#### What the task requires:
Would you copy exactly the lines in the data below from the one that has "Transfronterizos TEMU retro" through the one that has "Fishing Hair Don't Care T-Shirt", dropping any pictures?

#### Extracted entries:
• • • •
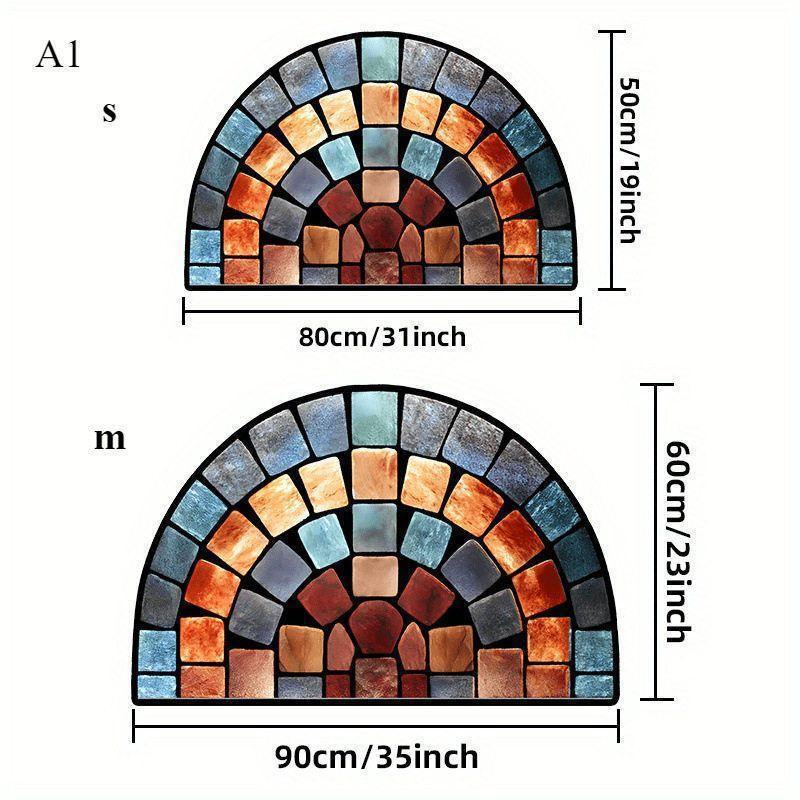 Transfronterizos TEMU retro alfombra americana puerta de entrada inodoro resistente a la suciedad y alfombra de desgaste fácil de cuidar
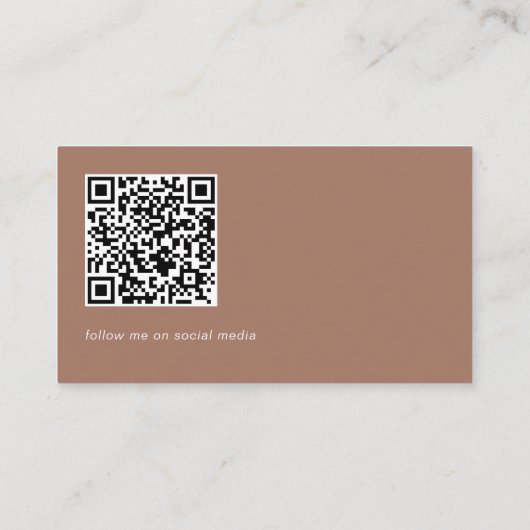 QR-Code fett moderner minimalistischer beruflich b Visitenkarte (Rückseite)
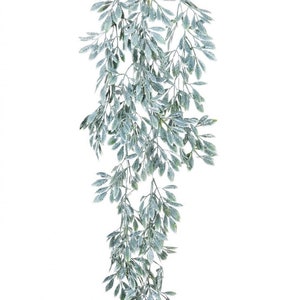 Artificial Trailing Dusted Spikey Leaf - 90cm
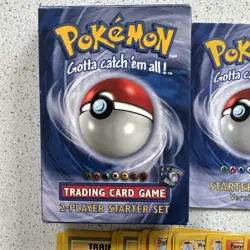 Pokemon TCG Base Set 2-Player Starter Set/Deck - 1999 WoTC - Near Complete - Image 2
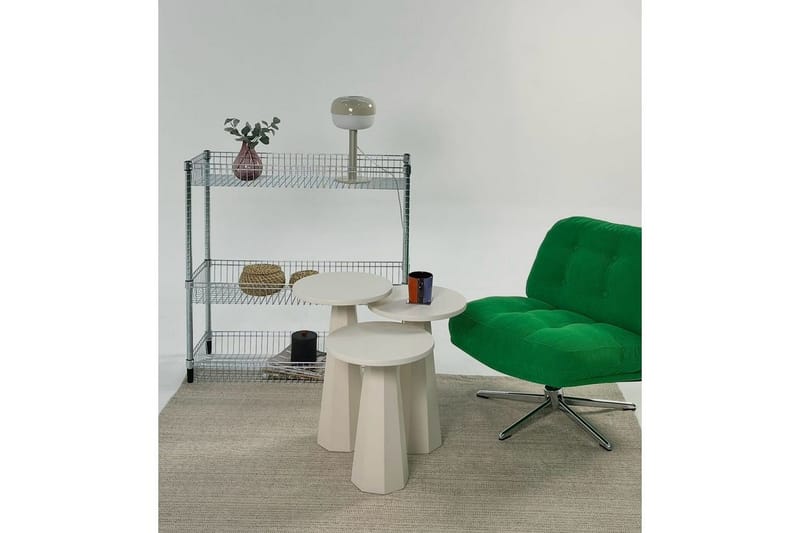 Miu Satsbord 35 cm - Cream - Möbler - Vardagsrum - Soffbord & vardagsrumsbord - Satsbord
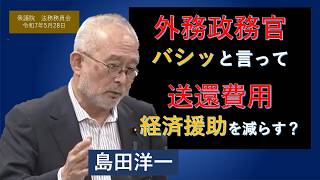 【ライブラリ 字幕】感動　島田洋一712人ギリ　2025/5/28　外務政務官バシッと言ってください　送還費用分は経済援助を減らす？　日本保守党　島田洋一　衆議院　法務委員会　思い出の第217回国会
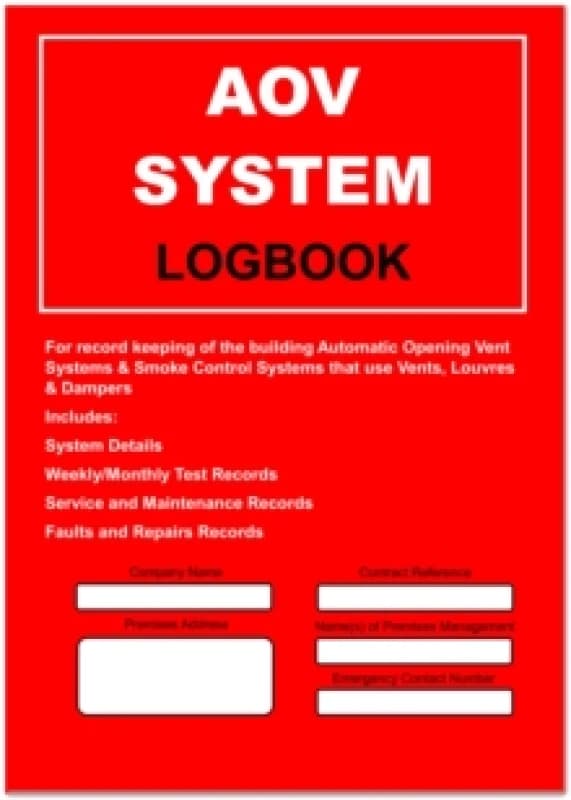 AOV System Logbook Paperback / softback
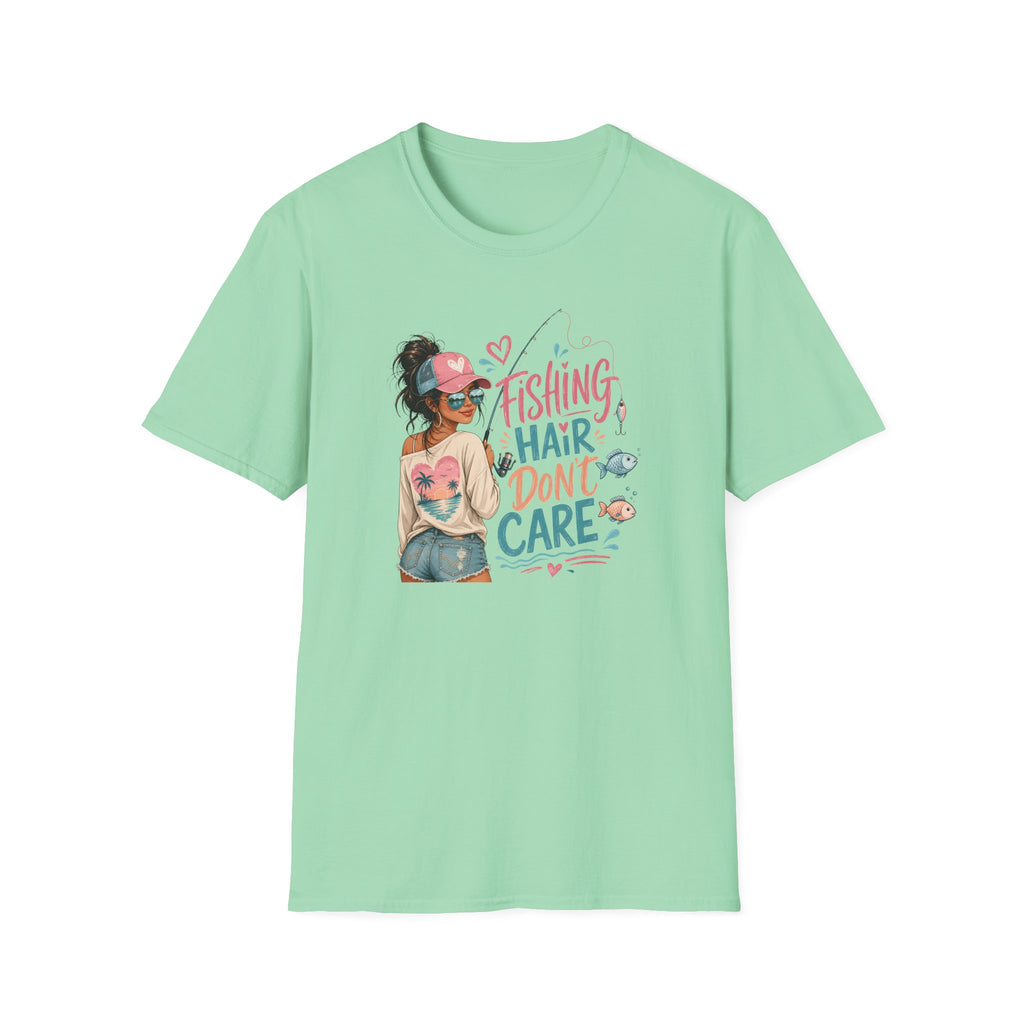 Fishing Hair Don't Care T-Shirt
• • • •
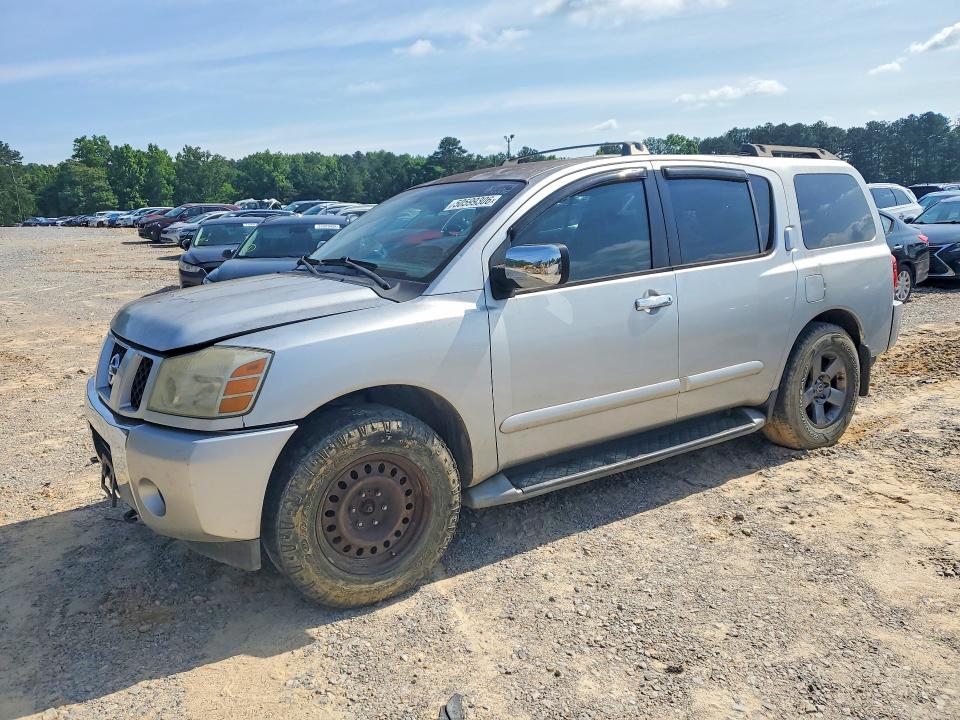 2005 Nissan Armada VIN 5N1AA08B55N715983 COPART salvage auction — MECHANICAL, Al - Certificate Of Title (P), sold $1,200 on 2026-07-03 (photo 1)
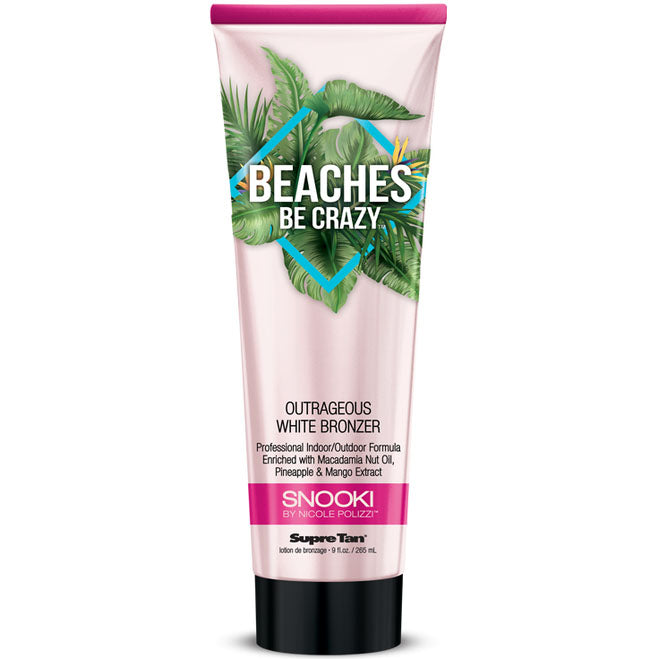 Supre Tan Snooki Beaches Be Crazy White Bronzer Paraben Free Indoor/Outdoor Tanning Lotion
• • • •
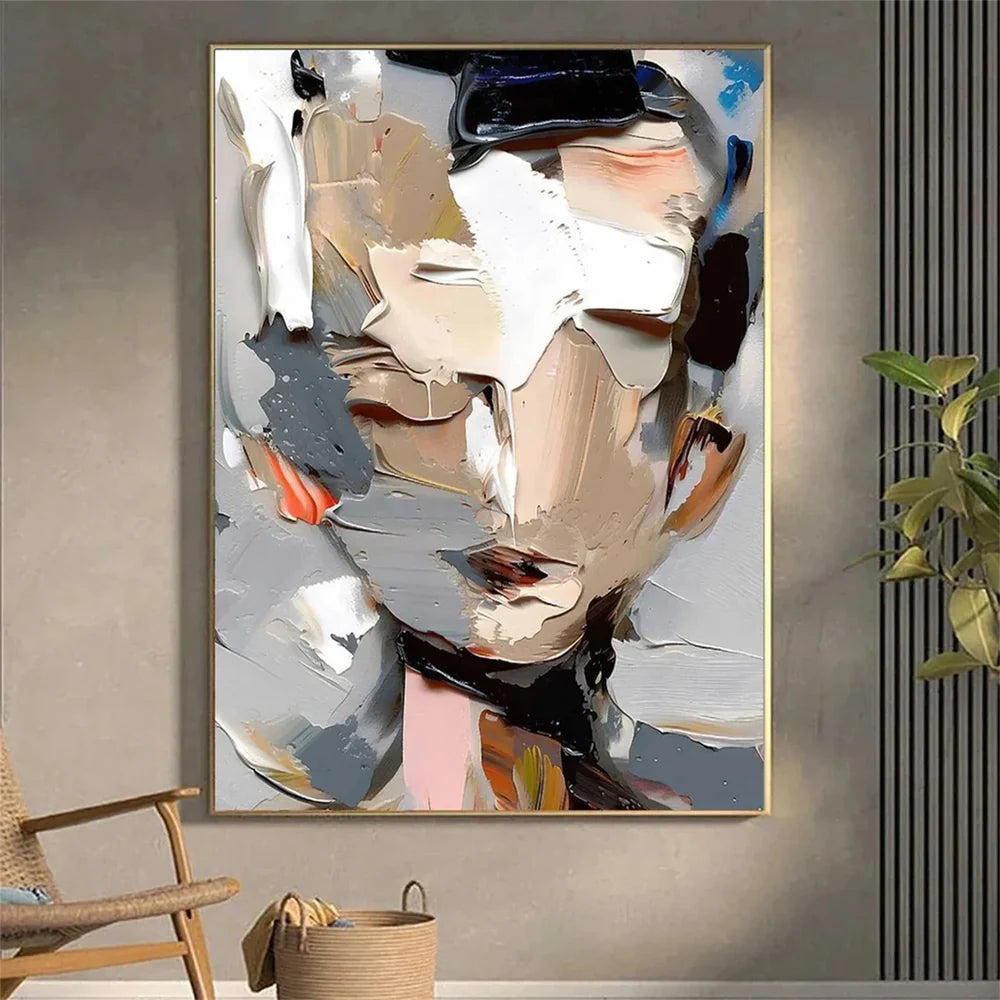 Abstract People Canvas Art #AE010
• • • •
#### Finished task:
 Transfronterizos TEMU retro alfombra americana puerta de entrada inodoro resistente a la suciedad y alfombra de desgaste fácil de cuidar
 QR-Code fett moderner minimalistischer beruflich b Visitenkarte (Rückseite)
 Artificial Trailing Dusted Spikey Leaf - 90cm
 Pokemon TCG Base Set 2-Player Starter Set/Deck - 1999 WoTC - Near Complete - Image 2
 Miu Satsbord 35 cm - Cream - Möbler - Vardagsrum - Soffbord & vardagsrumsbord - Satsbord
 【ライブラリ 字幕】感動　島田洋一712人ギリ　2025/5/28　外務政務官バシッと言ってください　送還費用分は経済援助を減らす？　日本保守党　島田洋一　衆議院　法務委員会　思い出の第217回国会
 AOV System Logbook Paperback / softback
 Fishing Hair Don't Care T-Shirt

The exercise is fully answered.